Kiminle Görüştüm Ben?
Bu kadar şekilsiz bir soru olabilir mi? Binbir türlü yamukluğun normal karşılandığı iş dünyasında olabiliyor. İnsanlar yazmaya çok üşeniyorlar ve konuşmaya hele telefonla konuşmaya bayılıyorlar. Bir sürü insanın arasında sevgilisiyle hangi filme gideceğinin kritiğini yapan, ders çalışmayan çocuğunu azarlayan ya da annesine ne yemek yapması gerektiğini utanmadan dakikalarca anlatanları hala anlayamıyorum. Ama bu soruya alıştım maalesef. Hatta kullanır bile oldum. Telefon hala en önemli sorun çözme aracı gibi duruyor çoğu şirket için. Ne kadar telefonla konuşmaktan nefret eden birisi olursanız olun ya da sosyal fobiniz insanların içinde rahatça konuşmanızın önünde büyük bir engel olsun, tabiri caizse sike sike kullanacaksınız bu aleti. Telefonu kapatmadan "kiminle görüştüm ben?" diye sorup, x bey ya da y hanıma bir dahaki görüşmenize kadar iyi günler dileyeceksiniz.


Yoğun
Biriniz de yoğun olmayın be. Nefret ettirdiler şu kelimeden. Oysa lisede hakkıyla anladığım fizik konularından birisiydi yoğunluk, hacim, Arşimet vs. d=m/v. Formülünü bile hatırlıyorum. "Bu aralar işlerimiz çok yoğun." Nasıl yoğun, kütlesi mi büyük hacmi mi küçük? "Çok yoğundum arayamadım hiç." d'm 1'den büyük inanmazsın, suya atsan batarım. Oeh.
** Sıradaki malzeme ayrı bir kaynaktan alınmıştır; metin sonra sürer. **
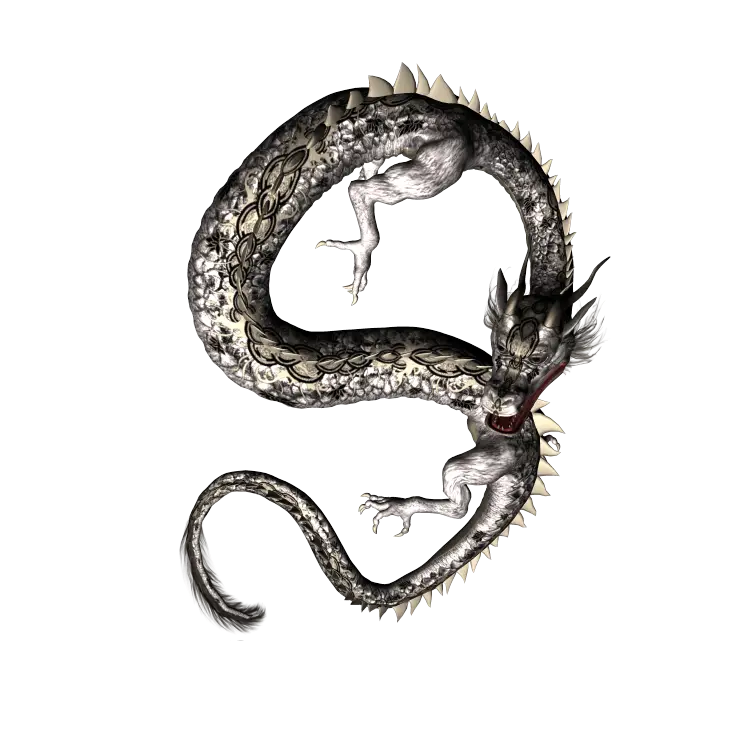 Black Dragon Illustration in Mythological Style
Tiksindim yemin olsun. İşler çok de, çok çalışıyordum de, Allah'ını seversen yoğun deme ya.

2 yorum:

burrhole dedi ki...

yoğunum diyenler aslında o kadar hafif insanlar ki şaşarsın. suya atsan su üstünde kalır, bu da onların zeytinyağı kişiliklerinin bir kanıtıdır. ne olursa olsun altta kalmaz onlar. altta kalanınsa ''canı çıksın amınakoyim!''

çok sevdim bunu.

manzanasverdes dedi ki...

Altta kalıyorum, alttan alıyorum. İnsanlar ikiye ayrılabilirler bu şekilde. Üste çıkanlar ve alttan alanlar. Bu sözde yoğunlar da dediğin gibi ilk gruptan sanırım.